先日の宇治橋合戦で多くの捕虜を得た高橋権頭(ワキ)のもとに、捕虜の一人である春栄丸の兄・増尾種直(シテ)が訪ねて来る。ところが春栄丸(子方)は種直を兄ではないと言い、面会を拒む。春栄は兄の身を案じ、わざと偽りを述べたのだった。しかし兄の必死な姿を目にし、春栄はついに種直を兄と認めるのであった。
兄弟が再会した喜びも束の間、春栄の処刑は避けられない事態となる。種直は自分が身替わりになろうと申し出るが、それも叶わず、弟とともにこの場で死ぬことを決意する。処刑の刀が振り下ろされようとしたその時、赦免の使者(ワキツレ)が駆けつけ、春栄は死なずに済むこととなった。高橋は春栄を養子として迎えることとし、兄弟が助かったことを祝して喜びの酒宴を開くのであった。
0 子方が何事もなく登場し、最初からその場にいるていで舞台に坐ります。
1 ワキ・間狂言が登場します。
鎌倉時代。それは、土地や一族、自らの存在意義をかけて戦う、武士たちの時代であった。これは、そんな自らの全てを賭して戦う武士の、恩愛の物語である――。
鎌倉将軍の家臣のひとり・高橋権頭(ごんのかみ)(ワキ)は、先日の宇治橋合戦で手柄を挙げ、多くの敵兵を捕らえていた。将軍家から近日中に処刑を執行するよう命じられた彼は、囚人たちの縁者が来ても面会させぬよう従者(間狂言)に命じ、厳しく警護していたのであった。
2 シテ・トモが登場します。
その頃、遥々の東路を都から下ってくる一行があった。一行の主は増尾種直(シテ)。先日の宇治橋合戦に出陣していた彼は、戦闘で負傷し、少し戦場から退いていた隙に、弟の春栄丸を生け捕られてしまっていたのだった。聞けば、春栄丸は高橋権頭の館に拘留されているという。近々春栄丸が処刑されるとの噂を聞いた種直は、自らも弟と生死を共にすべく、高橋のいる伊豆国三島を目指していたのであった。

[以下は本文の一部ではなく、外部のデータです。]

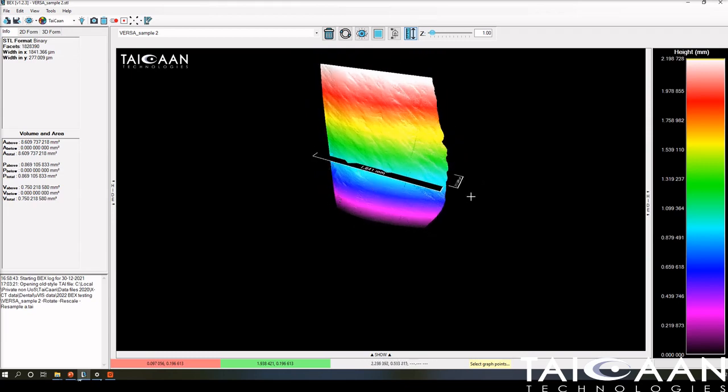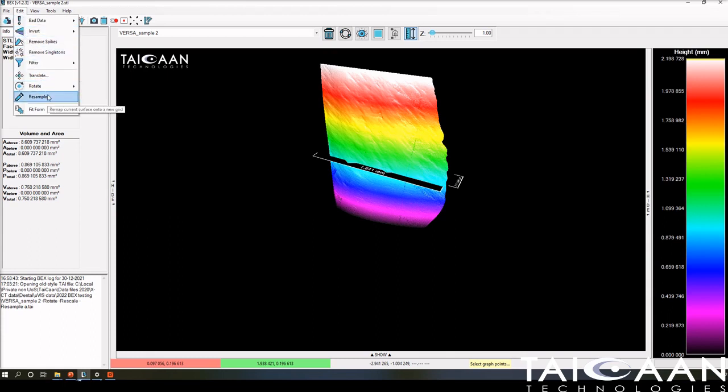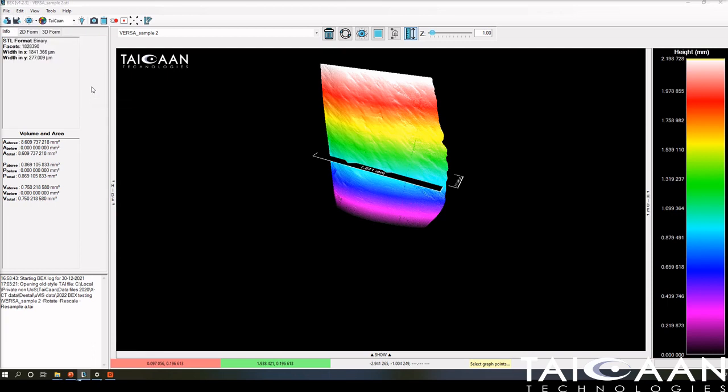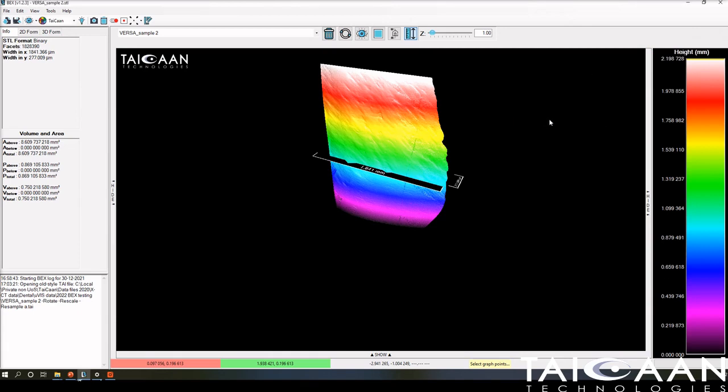We want this plane to be the XY plane. The first thing we need to do: go to Edit, drop down, and here you have the ability to rotate the surface. Not rotate it graphically, but rotate it around its axis from a dimensional perspective. We want to rotate the sample around the X-axis, and I know from prior experience we need to rotate this by minus 90 degrees.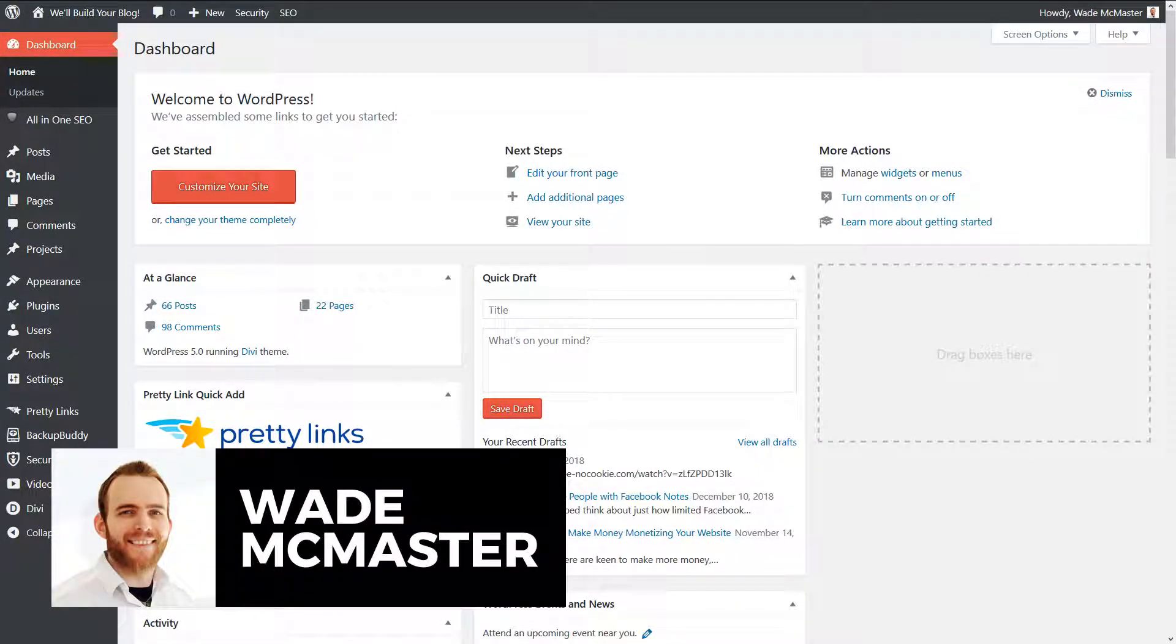Hi guys, it's Wade McMaster here. Today I've got a quick video showing you how you can stick to the classic editor when using WordPress.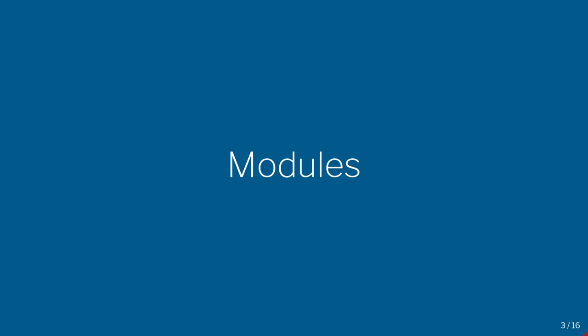Hey everyone. Today we're going to talk a bit about modules.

3 シテはトモに命じて間狂言と交渉させ、ワキに取り次いでもらいます。
三島に到着した種直は高橋の館を訪れ、従者の小太郎(トモ)を遣わして春栄丸への面会を願い出る。囚人への面会は御法度ではあったが、春栄を特別丁重にもてなしていた高橋は、彼をいたわる心から、ひそかに面会を許可する。高橋は、種直に引き合わせるべく、春栄丸を呼びに行く。
4 ワキは子方と言葉を交わし、次いでシテと言葉を交わします。
ところが、話を聞かされた春栄丸(子方)は、意外なことを口にする。「兄は合戦で重傷を負い、生死さえ分からないほど。その者はきっと偽物でしょう…」 春栄は、種直の姿を隙間から覗くと、なんと彼を自分の家臣だと言い出し、追い返すように頼むのだった。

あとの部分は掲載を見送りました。